Melania Toma
Paula Turmina
Atalanta Xanthe
‘For a long time, he said, you cannot tune in. Then, you might sense a current or buzz of telluric energy. This sound transforms, the more time you spend in caves. It becomes voices. You hear these voices but are unable to isolate them. It takes years to learn how to listen, to differentiate, to adjust your inner tuner to a position on the temporal band-with of the underground world.’
- Rachel Kushner, Creation Lake (2024)
Ione & Mann is thrilled to present The Cave in the Mind, a group show curated by Marcelle Joseph featuring the recipients of the 2024 GIRLPOWER Residency. Bringing together the works of Melania Toma, Paula Turmina and Atalanta Xanthe, The Cave in the Mind presents new work produced at the culmination of these three artists’ stay at the GIRLPOWER Residency in the Aquitaine region of southwestern France.

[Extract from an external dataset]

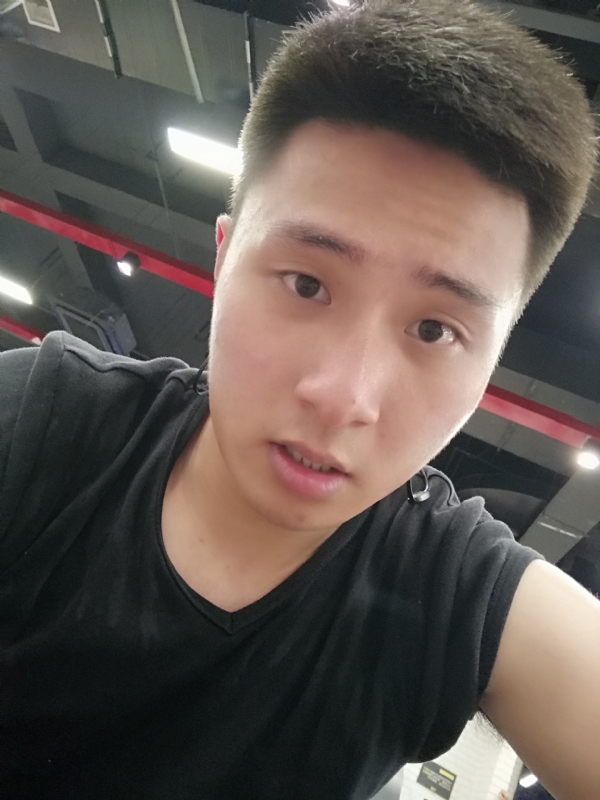 江南的雨的第一张照片--哈尔滨相亲服务中心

How did the images painted or engraved in charcoal and red hematite on the walls of caves in Western Europe thirty-five thousand years ago spring, seemingly from nowhere, into the human story? Who made these paintings? And why did they paint only fauna such as bison, horses, ibex, deer, aurochs, woolly mammoths, bears, lions and sabre-toothed tigers? Were these images made as a creative impulse or part of some kind of religious, spiritual or pagan ceremony or ritual? Or were they made as a psychic manifestation of a bounteous upcoming hunting season? Some even say that these artists could have been plotting the stars in the sky, coming up with these animal forms through nocturnal celestial mapping.

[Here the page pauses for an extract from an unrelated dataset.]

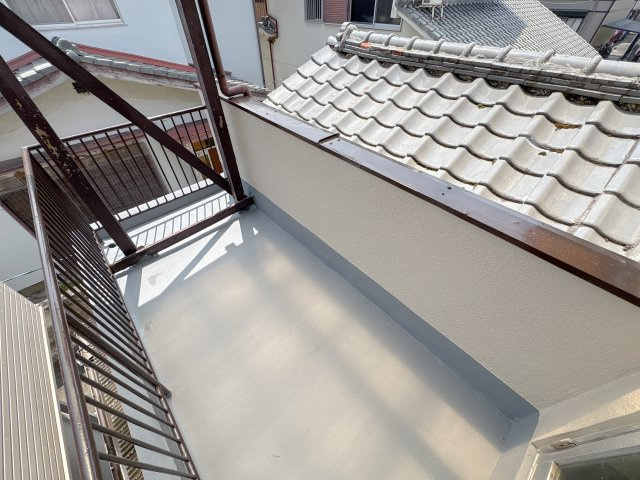 生駒市中菜畑2丁目貸家のバルコニー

In this exhibition, the works originate from a constellation of artists who participated in the 2024 edition of the GIRLPOWER Residency in southwestern France, namely Melania Toma, Paula Turmina and Atalanta Xanthe. Nearby to many cave sites, these three artists had the privilege to visit the caves at Pech Merle, Font-de-Gaume and Combarelles. Deeply moved by what they saw, these artists agreed to come together after the residency to reflect on these works of prehistoric art for this exhibition, The Cave in the Mind.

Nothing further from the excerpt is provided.